Livatino aveva una vita di fede. Un sacerdote confratello, oggi defunto, ha testimoniato che lui ogni mattina sostava in preghiera nella chiesa di San Giuseppe che si trovava accanto al vecchio tribunale di Agrigento. Prima di entrare nel palazzo di giustizia si fermava in preghiera davanti al Santissimo. Il suo motto, Sub Tutela Dei, lo viveva realmente.

Livatino affermava che «rendere giustizia è realizzazione di sé, è preghiera, dedizione di sé a Dio». Nella sua relazione Fede e diritto (1986) affronta temi come l’eutanasia, la fecondazione artificiale, l’obiezione di coscienza contro le pratiche abortive, ribadendo la «sacralità e l’inviolabilità della vita umana». Oggi è sempre più raro trovare un giudice che parli del legame tra fede e diritto…
Livatino non aveva paura di vivere la sua fede nel sociale. Non cedeva ad alcun tipo di “rispetto umano”. Era attento a testimoniare sempre la verità, oggi è sicuramente importante riportare il suo esempio.
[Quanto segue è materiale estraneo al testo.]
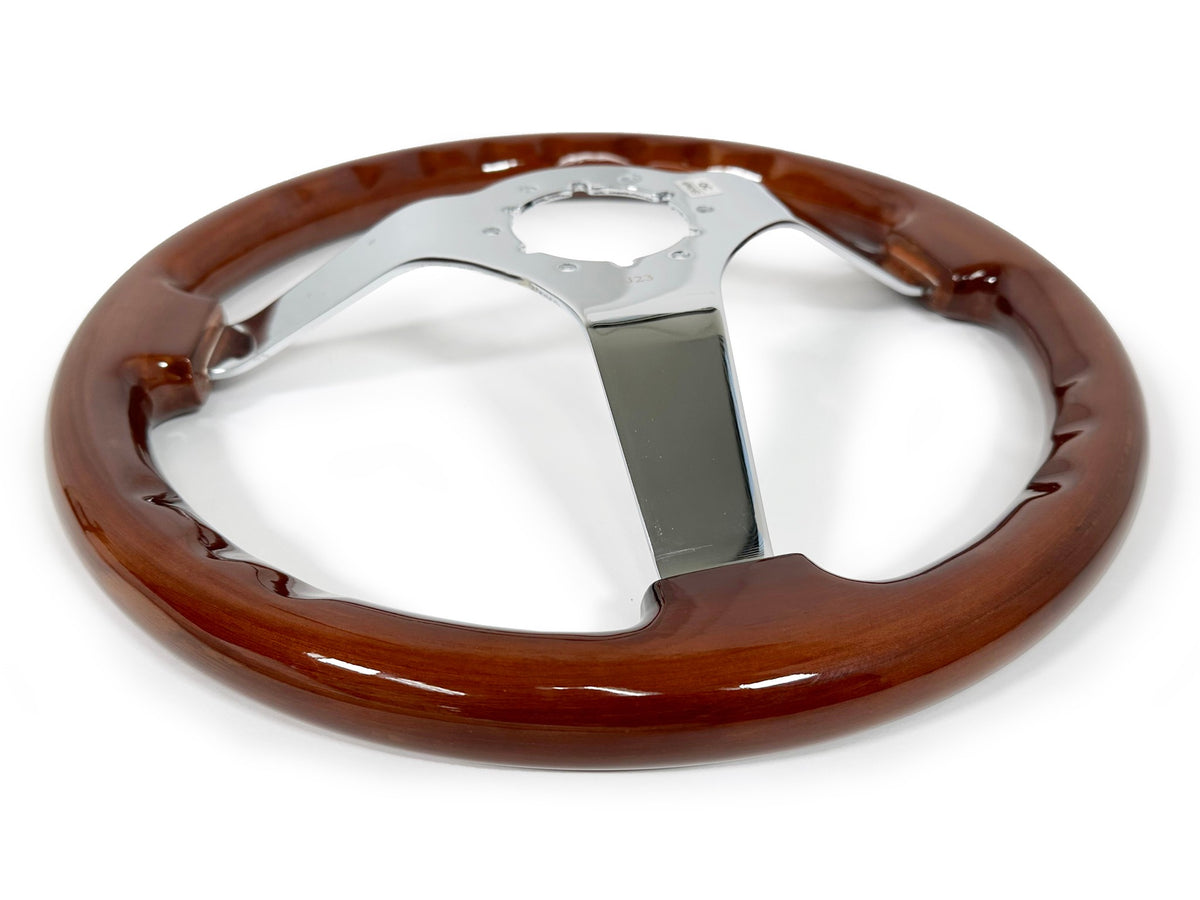 VSW ST3111 6-bolt Sport steering wheel, mahogany wood grip, chrome solid 3-spoke center, 14" diameter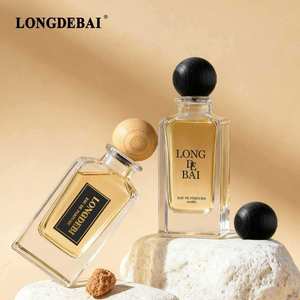 Rectangular Thick Clear Glass Perfume <b>Bottle</b> 30Ml 50Ml 100Ml Slim Neck Empty Perfume <b>Bottle</b> with Black Wooden Ball Cap - Product Image 2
Le testimonianze confermano che il giudice Livatino aveva anche un’attenzione particolare verso l’imputato.
Livatino insisteva molto sul recupero della persona, sulla pena intesa come educazione e non come “colpo di grazia” da infliggere. In questo si vedeva il suo rapporto con il prossimo, con l’imputato, a cui voleva dare la mano dopo averlo ascoltato. Una volta, qualcuno gli chiese se si fosse reso conto a chi avesse stretto la mano, e lui rispose tranquillamente: «Sì, a una persona»!

Livatino  affermava che compito del magistrato è quello «di dare alla legge un'anima, tenendo sempre presente che la legge è un mezzo e non un fine». Viveva il suo lavoro come una missione?
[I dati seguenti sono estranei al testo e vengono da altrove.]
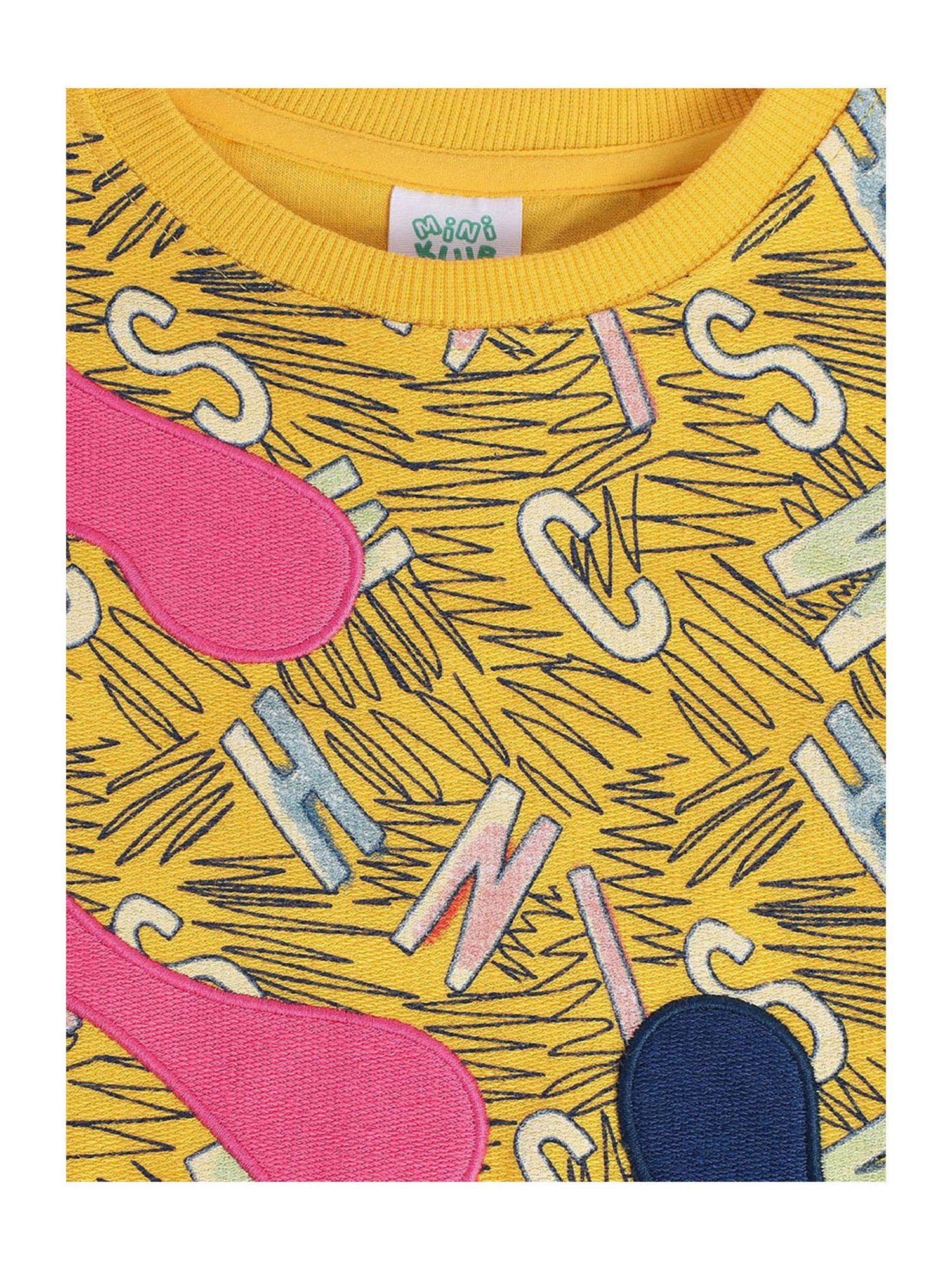 MINIKLUB Kids Yellow Printed Full Sleeves Sweatshirt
Sì, e questo in fondo è il compito del laico nella società: dare un’anima alla società, animare il sociale. È il compito del cristiano impegnato, come afferma anche il decreto Apostolicam Actuositatem del Concilio Vaticano II.

Poco prima di morire, Livatino si rivolse ai suoi assassini dicendo: «Cosa vi ho fatto, picciotti?». Si aspettava che prima o poi sarebbe stato attaccato, ma ha vissuto la vera giustizia come missione fino alla fine… Cosa ci insegna questo?
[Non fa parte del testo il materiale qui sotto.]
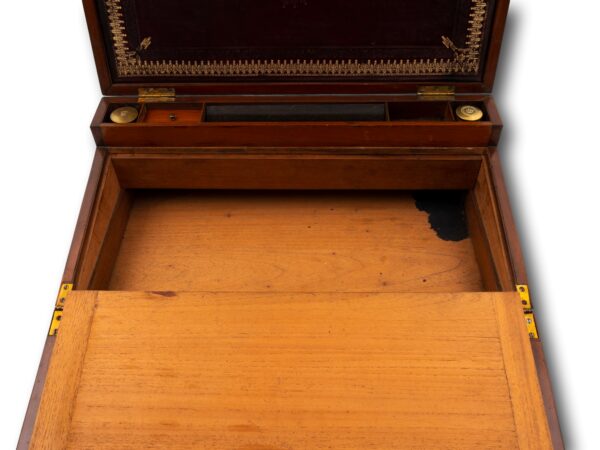 Front overview of the Mahogany Writing Box showing the upper storage compartment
Il beato Rosario Livatino aveva la coscienza di aver agito per il bene, non per danneggiare qualcuno. Così un po’ come il beato don Pino Puglisi. Il bene, infatti, dà fastidio a chi vuole operare nelle tenebre e fa male a chi vive nel male. È evidente che Rosario si aspettasse qualche colpo della mafia, aveva toccato dei nervi scoperti, non aveva voluto la scorta per non mettere a repentaglio la vita di altre persone e si spostava con la sua auto, usando le prudenze del caso. «Beati gli operatori di giustizia», dice Gesù nel Vangelo. E chiunque si accosta con animo retto e sincero alle cose di Dio e alle cose degli uomini, rende lode a Dio perché Lui è il vero e sommo Bene, la Verità per eccellenza.